Four-year old Edward is brought to London to serve as nominal head of the government while his Father Edward IV and the men of the realm go to the Continent to campaign against the French. Queen Elizabeth Woodville is made Regent in the King’s absence.
November 9, 1477
Edward, the Prince of Wales, hosts a banquet at Westminster. The lords present pay homage to the young prince.
November 18, 1477
Anthony Woodville’s book, “The Sayings of Philosophers,” is published by William Caxton. It is the first book printed in England. Anthony formally presents the book to Edward IV, Queen Elizabeth Woodville, and Edward, Prince of Wales.
January 15, 1478
Four-year old Richard, Duke of York, is married to five-year old Anne Mowbray, daughter of the Duke of Norfolk. His brother and sisters are present at the wedding.
Edward IV and Edward visit Sandwich to view the royal fleet. They stop at Canterbury Cathedral.
May 23, 1482
Edward is chief mourner at his 14-year old sister Mary’s funeral.
Edward joins his family at Westminster for the holidays.
April 9, 1483
Edward IV dies in London.
April 11, 1483
Edward is proclaimed Edward V in London.
April 24, 1483
Edward leaves Ludlow Castle with his household officers and a 2,000-man escort to go to London.
April 30, 1483
Edward is intercepted by his paternal uncle Richard, the Duke of Gloucester, and by his uncle through marriage, Henry Stafford, the Duke of Buckingham. The Dukes capture Edward and arrest his household officers.
May 4, 1483
Edward V enters London, escorted by Richard and Buckingham and their men. The Mayor of London, the Aldermen, and 500 leading citizens dressed in velvet greet him. He is entertained at a banquet held in his honor at Hornsby Park.

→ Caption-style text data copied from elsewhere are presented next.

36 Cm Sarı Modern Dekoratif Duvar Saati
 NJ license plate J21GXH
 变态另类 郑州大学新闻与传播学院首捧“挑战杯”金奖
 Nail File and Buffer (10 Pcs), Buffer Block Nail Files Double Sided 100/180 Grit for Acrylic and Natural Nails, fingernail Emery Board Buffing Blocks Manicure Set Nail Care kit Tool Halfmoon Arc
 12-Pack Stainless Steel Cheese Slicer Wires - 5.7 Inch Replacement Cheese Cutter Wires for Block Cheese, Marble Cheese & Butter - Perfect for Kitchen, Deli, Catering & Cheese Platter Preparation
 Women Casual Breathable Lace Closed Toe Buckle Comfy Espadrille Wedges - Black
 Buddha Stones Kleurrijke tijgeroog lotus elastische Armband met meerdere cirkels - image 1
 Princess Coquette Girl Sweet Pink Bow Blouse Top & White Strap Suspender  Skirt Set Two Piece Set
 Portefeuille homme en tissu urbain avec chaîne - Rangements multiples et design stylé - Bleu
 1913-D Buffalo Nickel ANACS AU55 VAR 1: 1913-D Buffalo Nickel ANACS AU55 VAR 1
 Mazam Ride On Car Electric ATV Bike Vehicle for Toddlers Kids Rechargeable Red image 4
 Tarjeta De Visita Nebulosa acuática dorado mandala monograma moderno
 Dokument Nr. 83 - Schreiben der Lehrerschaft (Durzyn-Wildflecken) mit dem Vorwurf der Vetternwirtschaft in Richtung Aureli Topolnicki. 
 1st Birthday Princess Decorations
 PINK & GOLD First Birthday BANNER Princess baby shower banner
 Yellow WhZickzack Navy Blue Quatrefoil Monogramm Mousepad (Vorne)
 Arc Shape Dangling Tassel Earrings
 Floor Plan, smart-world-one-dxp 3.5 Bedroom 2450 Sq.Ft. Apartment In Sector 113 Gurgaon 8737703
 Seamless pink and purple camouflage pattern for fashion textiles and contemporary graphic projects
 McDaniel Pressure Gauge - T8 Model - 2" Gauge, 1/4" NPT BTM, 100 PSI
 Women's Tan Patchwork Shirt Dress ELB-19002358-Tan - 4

Edward V is lodged in the royal apartments of the Tower of London.
June 13, 1483
William Hastings, the Chamberlain and best friend of Edward IV and the greatest supporter of Edward V, is ambushed and executed in the Tower of London.
These other supporters of Edward V are arrested: Thomas Stanley; Thomas Rotherham, the Bishop of York; John Morton, the Bishop of Ely; Oliver King, secretary to Edward V and former secretary to Edward IV; Jane Shore, beloved mistress of Edward IV; and John Forster.
June 16, 1483
Richard, the 9-year old Duke of York, is forced from the Sanctuary of Westminster Abbey and is taken to join his elder brother in the Tower of London.
June 22, 1483
Edward V’s coronation day is postponed as Richard’s and Buckingham’s mouthpieces advance allegations that he is illegitimate and unable to inherit the throne.
June 25, 1483
Edward V is formally deposed. His household officers are executed at Pontefract Castle.
June 26, 1483
Richard assumes the kingship as Richard III.
July 6, 1483
Richard III is crowned in London.
Edward and his brother Richard are withdrawn to more secure confinement within the Tower of London. Their attendants are dismissed.
Edward V and his brother Richard are most likely assassinated in the Tower of London. There is no further record of them.